1.人日(じんじつ)の節供―七草の祝い―

日にち:1月7日
七草粥でおなじみですが、古く中国では正月7日に人を占ったことから人日の節供とよばれます。

七草粥には、冬を乗り越えて芽を出す若葉の力強さをわけてもらいたいとの思いが込められています。

人日(じんじつ)の節供―七草の祝い―

2.上巳(じょうし)の節供―ひなまつり―

日にち:3月3日
3月初めの巳(み)の日を上巳といい、もともとは人の形に紙を切り抜いた”ひとがた”で体をなでて、けがれを落とし、海や川に流す祓(はらえ)の行事でした。

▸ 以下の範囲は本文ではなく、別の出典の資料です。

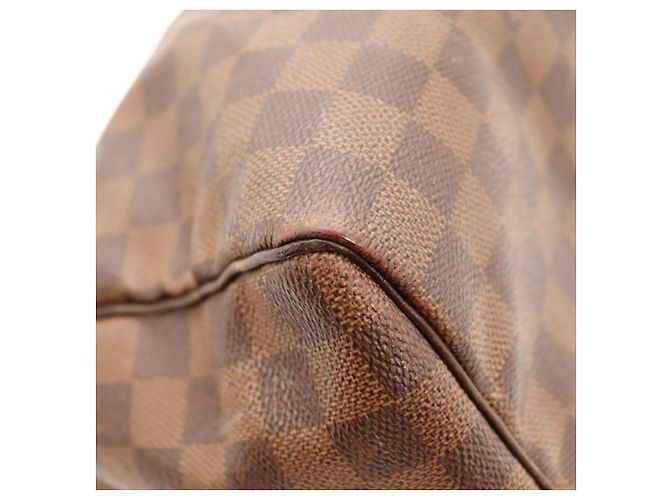 Louis Vuitton Speedy 30 Monogram Canvas Handtasche Braun Monogramm - Ansicht 12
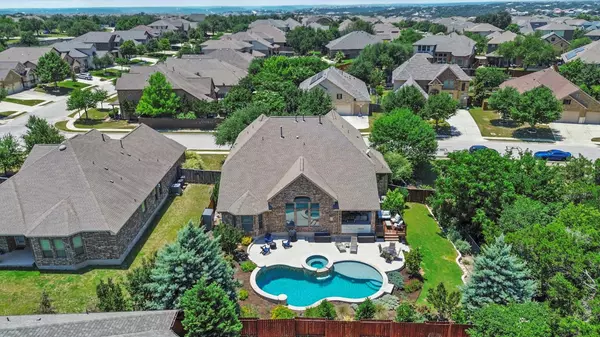 Leander, TX 78641,2700 Outlook Ridge LOOP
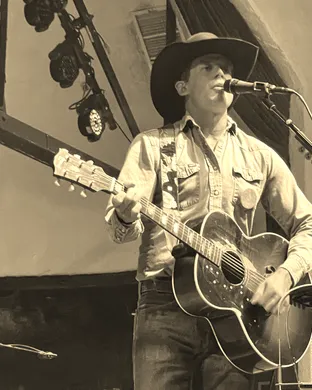 Turnpike Troubadours North Charleston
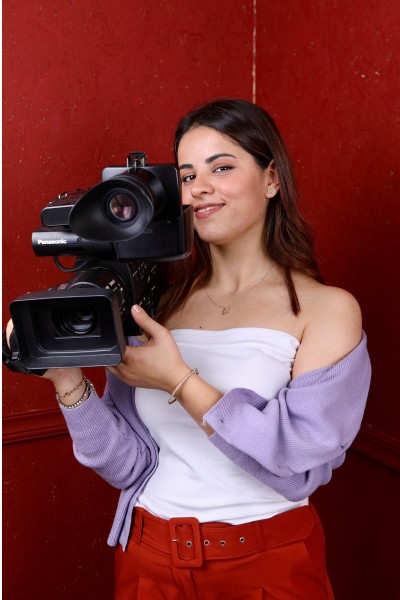 Cast Ajans Yapım Zehra G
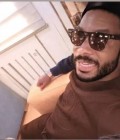 Emmerson 45 ans Newyork  Etats-Unis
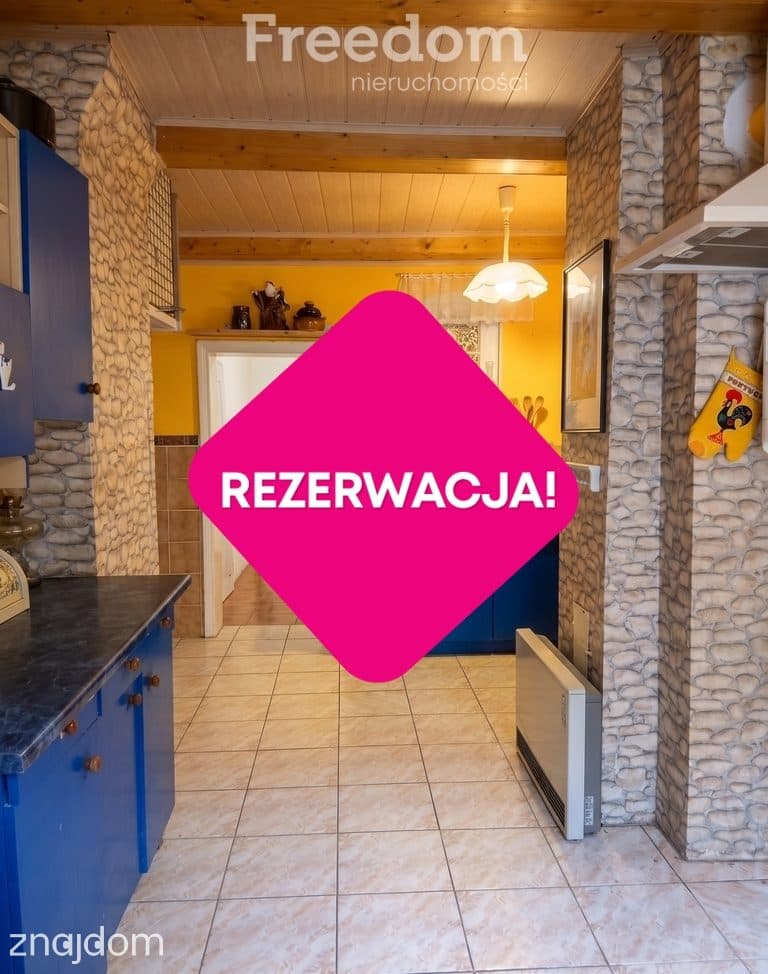 Dom 80 m² na działce 17,6 ara | Rąpice przy granicy - zdjęcie 10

その“ひとがた”が次第に豪華になり、現在のひな人形となりました。

上巳(じょうし)の節供―ひなまつり

3.端午(たんご)の節供―子供の日―

日にち:5月5日
もともと端午とは月初めの午(うま)の日を指しましたが、5月5日を端午の節供と呼ぶようになりました。

魔よけのためにお供えする菖蒲の花と尚武(しょうぶ)とをかけて武者人形を飾り、次第に男の子の節供として広まっていきました。

端午(たんご)の節供―子供の日―

4.七夕(しちせき)の節供―七夕まつり―

日にち:7月7日
古くは、御霊(みたま)の衣服を織り、棚に供え、けがれを祓う行事でした。

そこに中国から星祭と手芸や裁縫の上達を願う祭の風習が入ってきて、現在の笹竹に願い事を書いた短冊を結びつけて祈る行事へと変化していきました。

七夕(しちせき)の節供―七夕まつりー

5.重陽(ちょうよう)の節供―菊まつり―

日にち:9月9日
縁起の良い奇数(陽数)の最大値”9”が重なることから重陽とよばれます。

古く宮中では、菊の花びらを浮かべたお酒をいただく宴が開かれていました。
民間でも前夜に菊に綿をかぶせ、9日の朝にその露で湿った綿で体を拭いて長寿を願ってきました。

現在でもこの時期は各地で菊まつりが行われています。

重陽(ちょうよう)の節供―菊まつりー

人生や季節の節目に、神さまと共にお祝いを

1年の節目の「節供」には、お祝いの料理などを神棚にお供えして、家族みんなでそのお下がりをいただきましょう。

それが、人生や季節の節目を大切にし、神さまを身近に感じて生きてきた日本人の暮らしぶりといえましょう。